This decision also affects the type of tool you’d require to implement the dynamic pricing model.
Step 2: Research and Finalize the App
Shopify App Store has many great apps that can help you set up dynamic pricing on your Shopify store.
Go to the Shopify App Store and search the keyword — dynamic pricing — and you may find several options. Choose the one that fits your budget, tech stack, and requirements.
For this tutorial, we’ll go with the "Pricing.AI ‑ Dynamic Pricing" app. The app has a free plan for up to 500 price changes per month. Also, it has a good rating of 4.7 out of 5 stars from 22 reviews.
Step 3: Install the App and Configure Settings
Click on the Install button to proceed with the installation.
Review the access permissions and click on the Install button again.
Step 4: Implement Dynamic Pricing
Now, you can start creating your dynamic pricing rules depending on your strategy. You’ll find two options right at the top:
-
Create Rule for Multiple Products
-
Create Rule for Single Product
Choose the option based on your strategy — and create and publish your dynamic pricing offer to the customers.
Step 5: Monitor and Analyze the Performance
After implementing the dynamic pricing strategy, you must continuously monitor the performance. Compare your sales, revenue, and profits figures before and after implementing the strategy.
Collect customer feedback on how they feel about pricing and value for money. You could use post-purchase surveys to do this. Identify if there are any areas of improvement and work on them to optimize your dynamic pricing strategy.
Why Use the Dynamic Pricing Model?
When you think of the purpose of implementing a dynamic pricing model, you can think of the challenges with a traditional/static pricing model.
The traditional pricing model is rigid. Although it can be updated regularly, you’re still at risk of losing money in adverse conditions. The dynamic pricing model fixes this.

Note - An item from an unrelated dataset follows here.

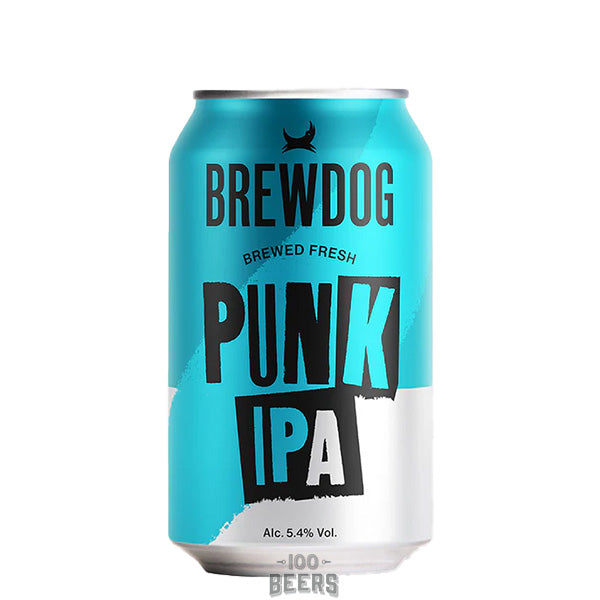 Brewdog Punk IPA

Let’s go through the benefits of the dynamic pricing model in detail:
-
Maximize Your Profitability
Since the dynamic pricing model adjusts or increases prices on a real-time basis, it optimizes your opportunities to remain profitable regardless of the changing conditions. It helps optimize per-product profit by adjusting pricing at scale across the store even if you have hundreds of products.
-
Increase Your Sales
The dynamic pricing model considers competitor pricing as one of the important factors. Thus, it helps you stay ahead of the competitors and boost your sales and revenue.
-
Adopt to Ups & Downs in the Market
The dynamic pricing model is designed to adapt to the changes on a real-time basis. This doesn’t mean it will always increase the prices. Based on the adverse scenarios, it can also reduce the prices which can help enhance customer satisfaction.
-
Manage Supply-Demand Fluctuations
The dynamic pricing model helps business owners to keep a balance in the pricing strategy with fluctuations in supply and demand. You can even manage SKU-level price changes.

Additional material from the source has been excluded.